* **TASK OBJECTIVE**
From the first line to the last, copy the listing exactly and omit the images.

* **INFORMATION SHOWN**

━━━━

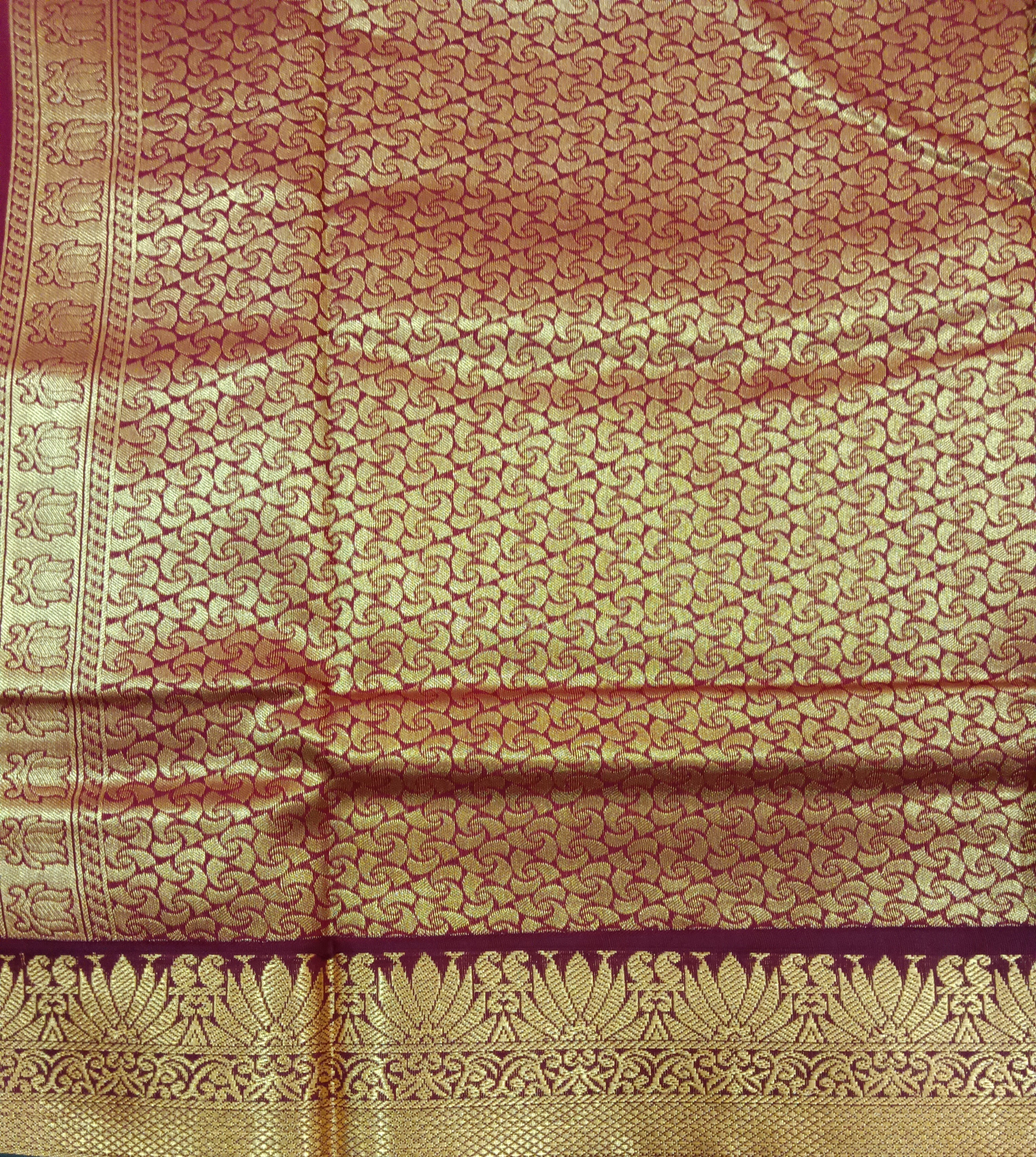 Akshaya cotton 10.25 yards madisar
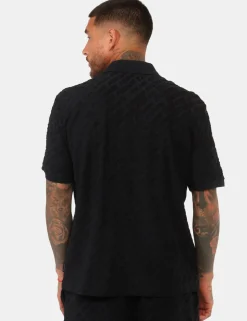Polo Armani Exchange Nero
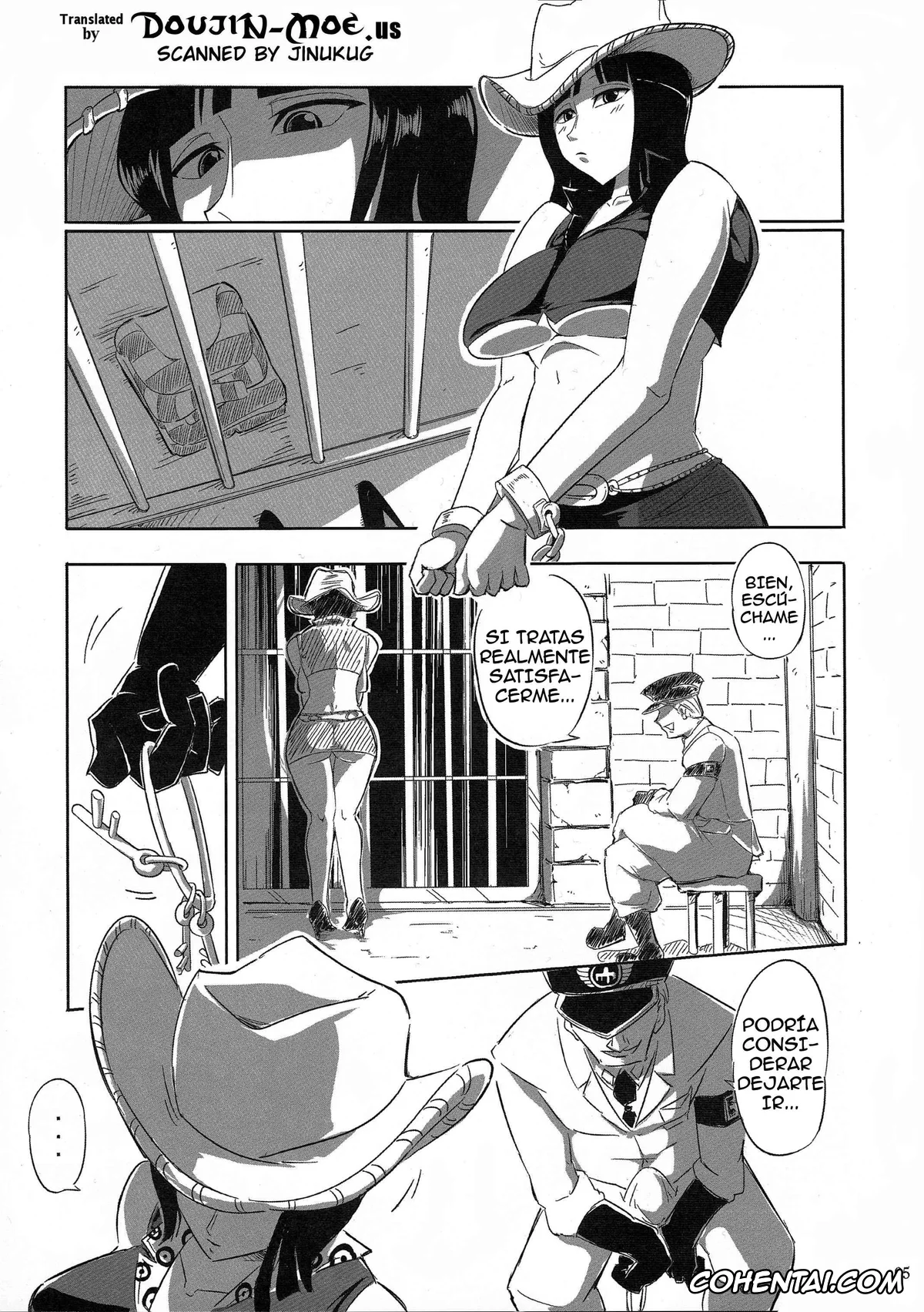 One Piece xxx, Nico Robin xxx, Pleasure (One Piece), pagina 4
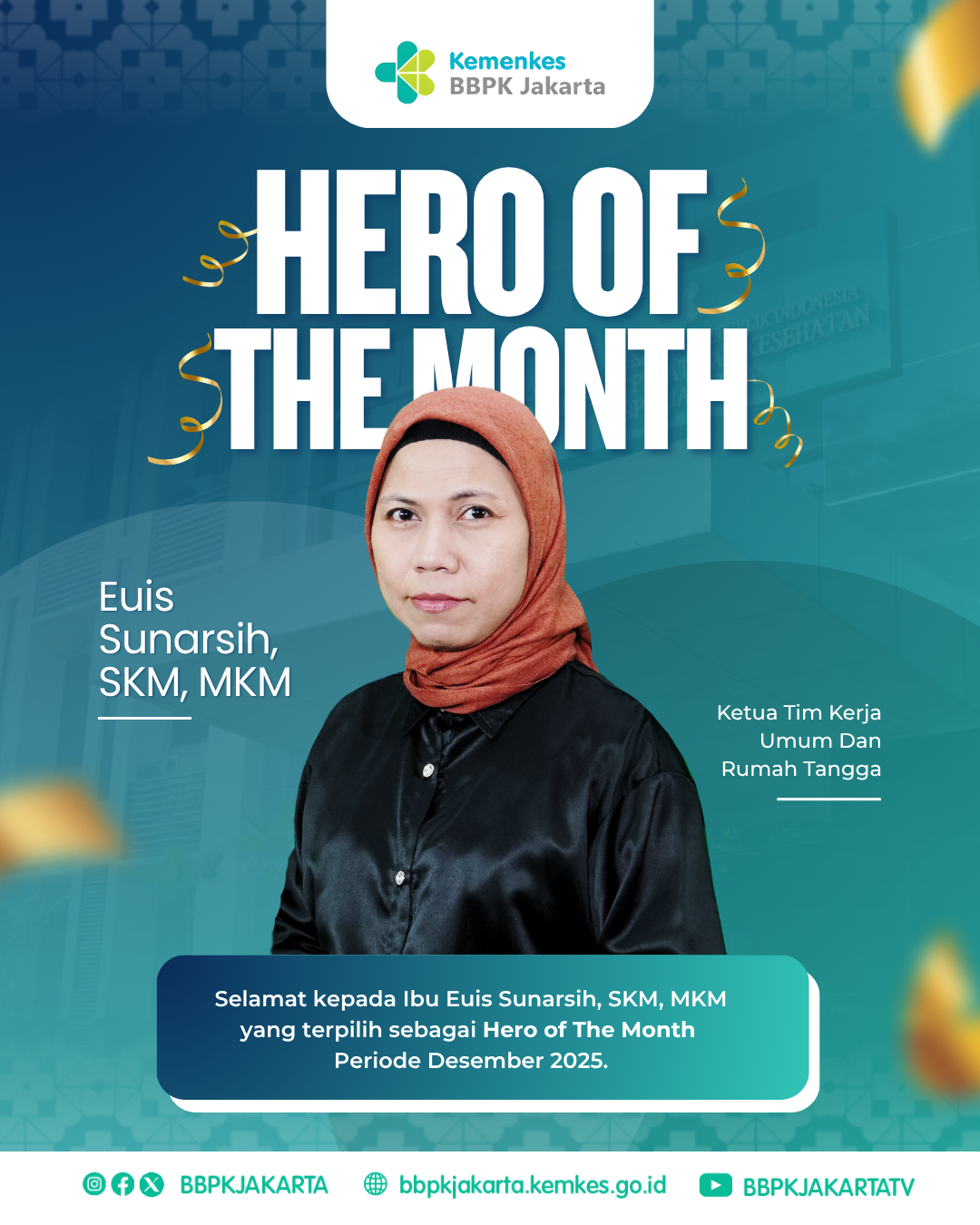 HOTM (Hero of The Month) bu Euis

━━━━

* **ANSWER BELOW**
 Akshaya cotton 10.25 yards madisar
Polo Armani Exchange Nero
 One Piece xxx, Nico Robin xxx, Pleasure (One Piece), pagina 4
 HOTM (Hero of The Month) bu Euis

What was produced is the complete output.